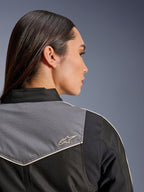 Alpinestars Stella T-Dyno WR jas, motorjas voor dames, zwart, donkergrijs en ecru, close-up achteraanzicht van de schouder met grijs paneel en ecru ster-logo, vintage-geïnspireerde motoruitrusting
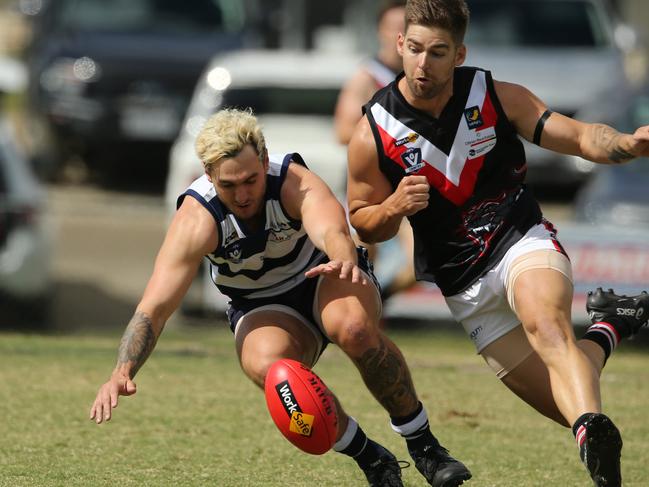 Tim Saunders (right) playing for Devon Meadows. Picture: Doug Farr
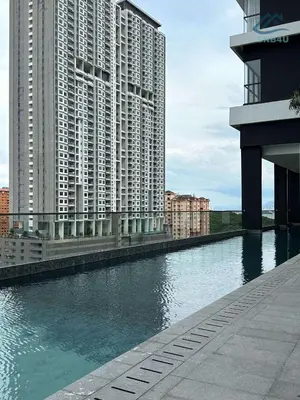 a body of water with tall buildings and buildings at Urban Suites Apartment In Jelutong George Town in George Town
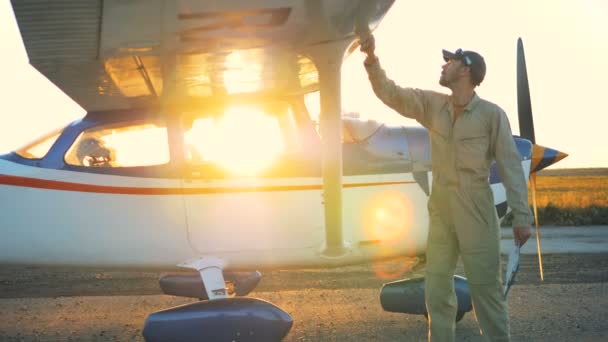 Mannelijke piloot is het reinigen van een vliegtuig tijdens zonsondergang — Stockvideo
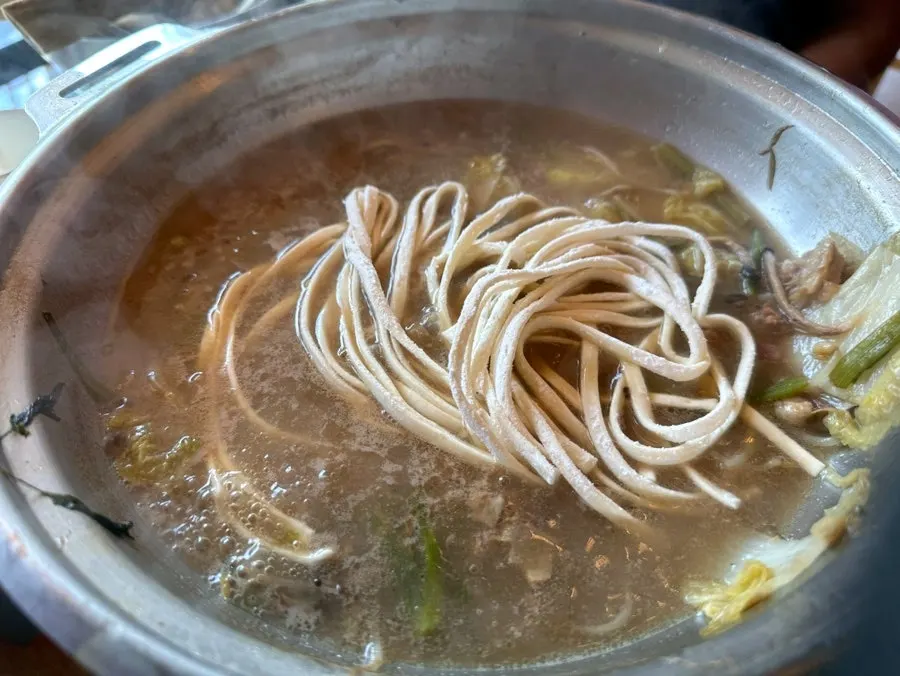 Noodle strands soaked in rich beef bone broth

-=-=-

From the line containing "Mannelijke piloot is" through the last line of the material above, write out each line exactly, leaving aside all pictures.

 Mannelijke piloot is het reinigen van een vliegtuig tijdens zonsondergang — Stockvideo
 Noodle strands soaked in rich beef bone broth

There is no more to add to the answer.